> _Records to process_:
Segment Open

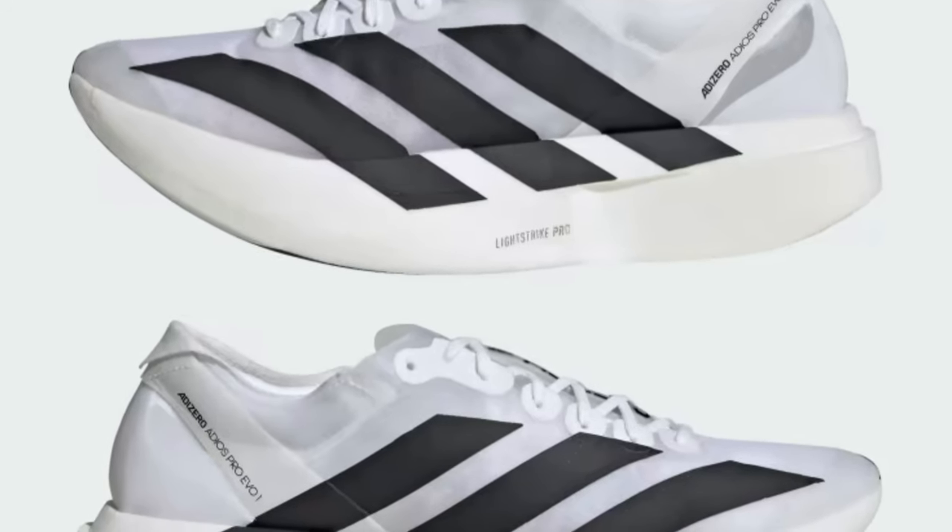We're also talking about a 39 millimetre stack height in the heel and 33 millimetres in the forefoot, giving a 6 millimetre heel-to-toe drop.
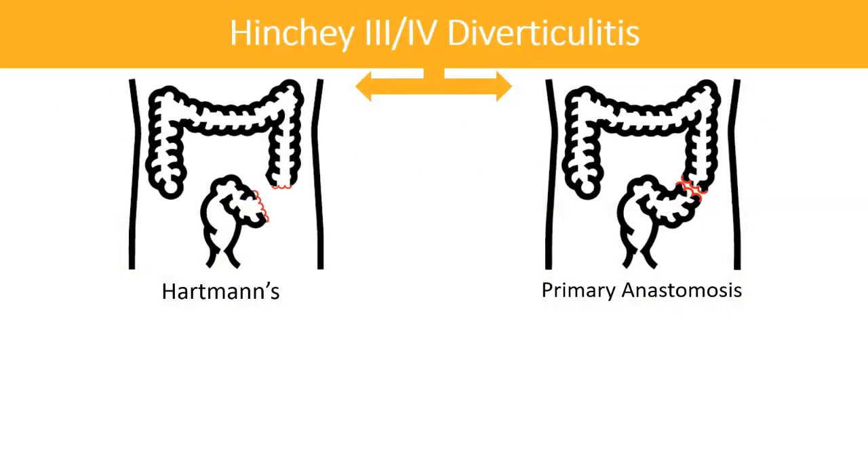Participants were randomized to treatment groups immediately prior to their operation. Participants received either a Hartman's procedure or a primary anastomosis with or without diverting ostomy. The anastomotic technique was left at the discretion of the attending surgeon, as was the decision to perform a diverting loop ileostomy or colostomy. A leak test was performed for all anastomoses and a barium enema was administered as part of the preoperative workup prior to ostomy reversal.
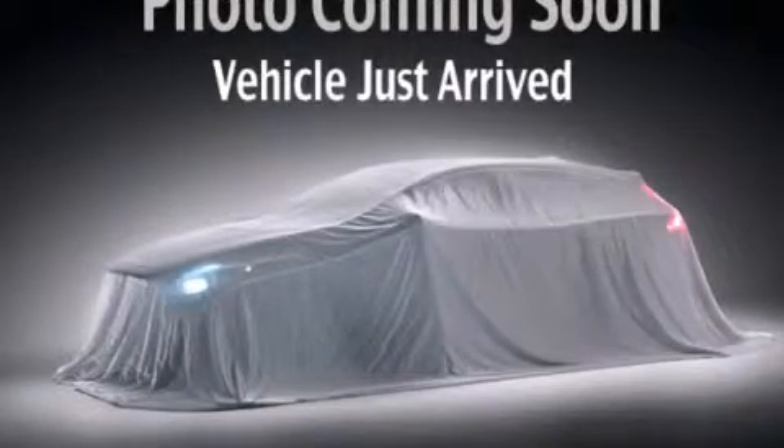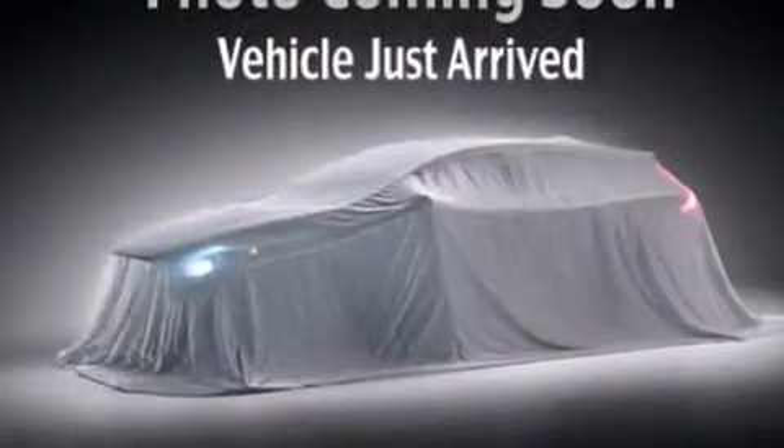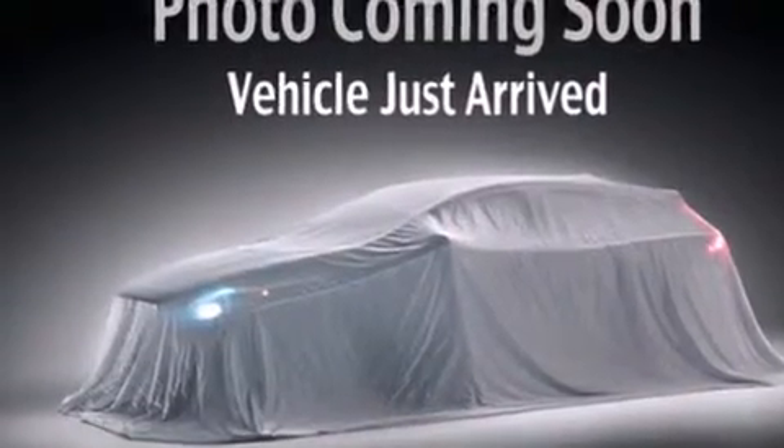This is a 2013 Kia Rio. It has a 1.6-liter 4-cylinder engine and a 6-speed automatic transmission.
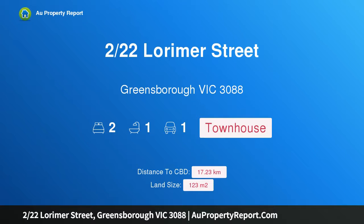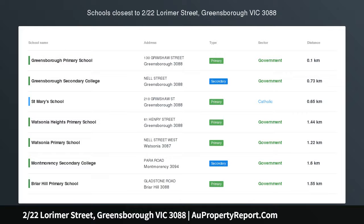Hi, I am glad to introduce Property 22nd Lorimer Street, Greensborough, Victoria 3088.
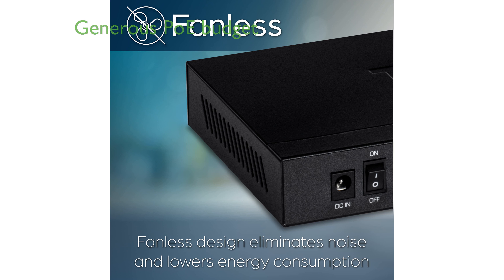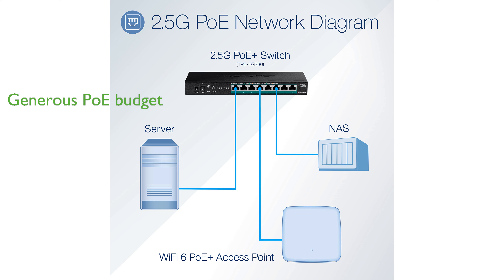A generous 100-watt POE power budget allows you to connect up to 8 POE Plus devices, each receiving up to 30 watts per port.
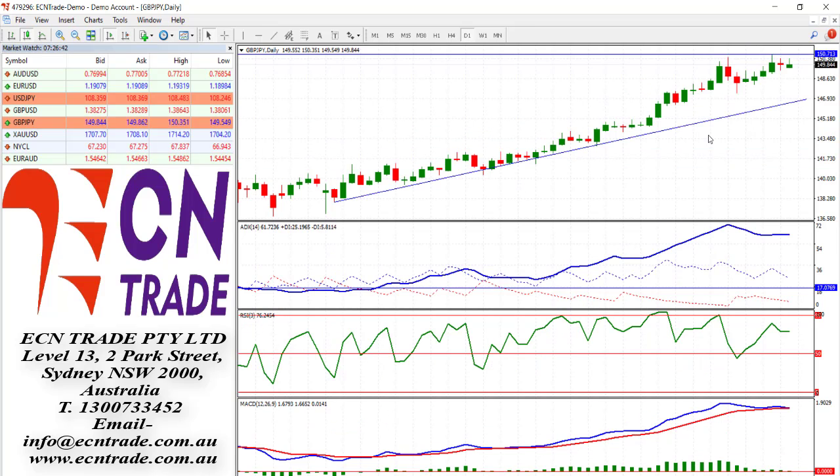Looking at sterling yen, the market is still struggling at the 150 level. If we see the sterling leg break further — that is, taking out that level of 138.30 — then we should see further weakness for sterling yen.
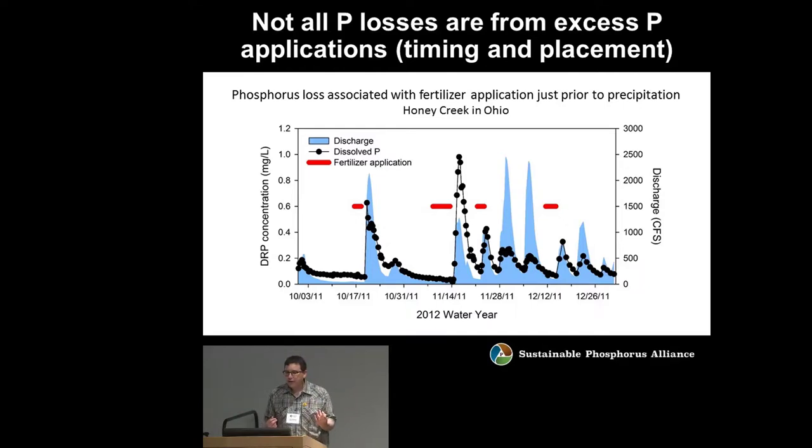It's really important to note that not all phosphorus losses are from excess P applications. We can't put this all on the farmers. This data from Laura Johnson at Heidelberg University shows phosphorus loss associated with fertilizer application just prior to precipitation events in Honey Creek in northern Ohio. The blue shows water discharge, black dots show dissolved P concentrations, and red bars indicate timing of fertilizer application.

Segment Closed
Segment Open

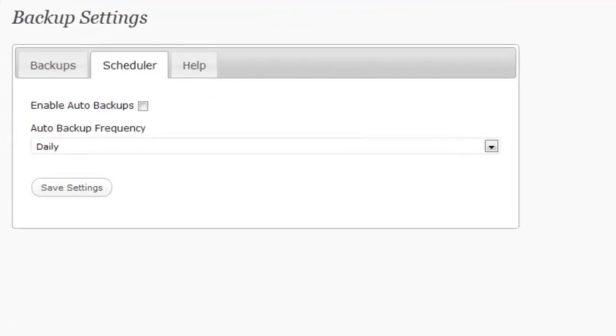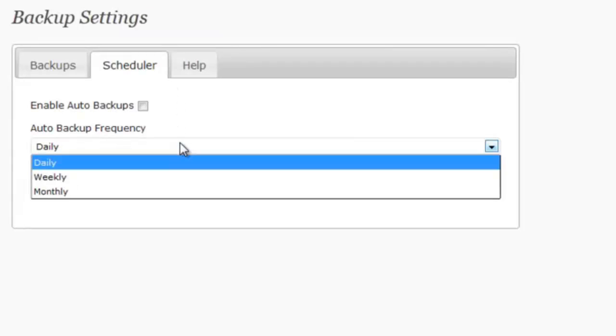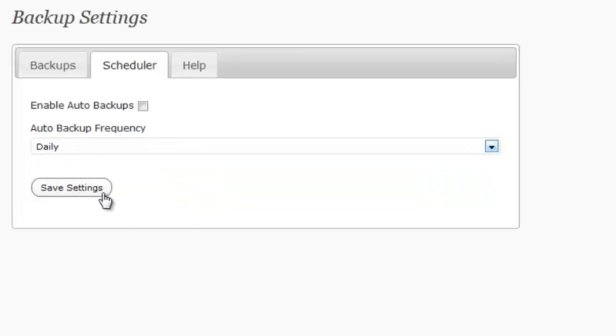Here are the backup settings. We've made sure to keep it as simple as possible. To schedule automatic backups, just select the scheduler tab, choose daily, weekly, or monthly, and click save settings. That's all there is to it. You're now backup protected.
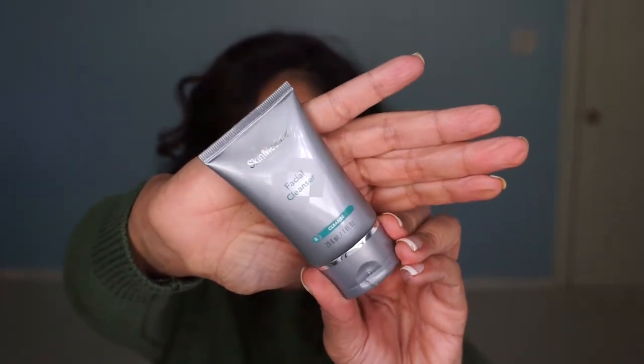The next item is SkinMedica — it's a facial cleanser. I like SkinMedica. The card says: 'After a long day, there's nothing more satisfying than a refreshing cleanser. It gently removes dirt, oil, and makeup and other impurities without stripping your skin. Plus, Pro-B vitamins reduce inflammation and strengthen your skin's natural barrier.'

Segment Closed

> _What you have to do_:
Exercise for the records above: copy only the lines from the one with "A generous 100-watt" to the one with "Looking at sterling", both ends kept, and drop the pictures.

> _Written reply_:
A generous 100-watt POE power budget allows you to connect up to 8 POE Plus devices, each receiving up to 30 watts per port.
Looking at sterling yen, the market is still struggling at the 150 level. If we see the sterling leg break further — that is, taking out that level of 138.30 — then we should see further weakness for sterling yen.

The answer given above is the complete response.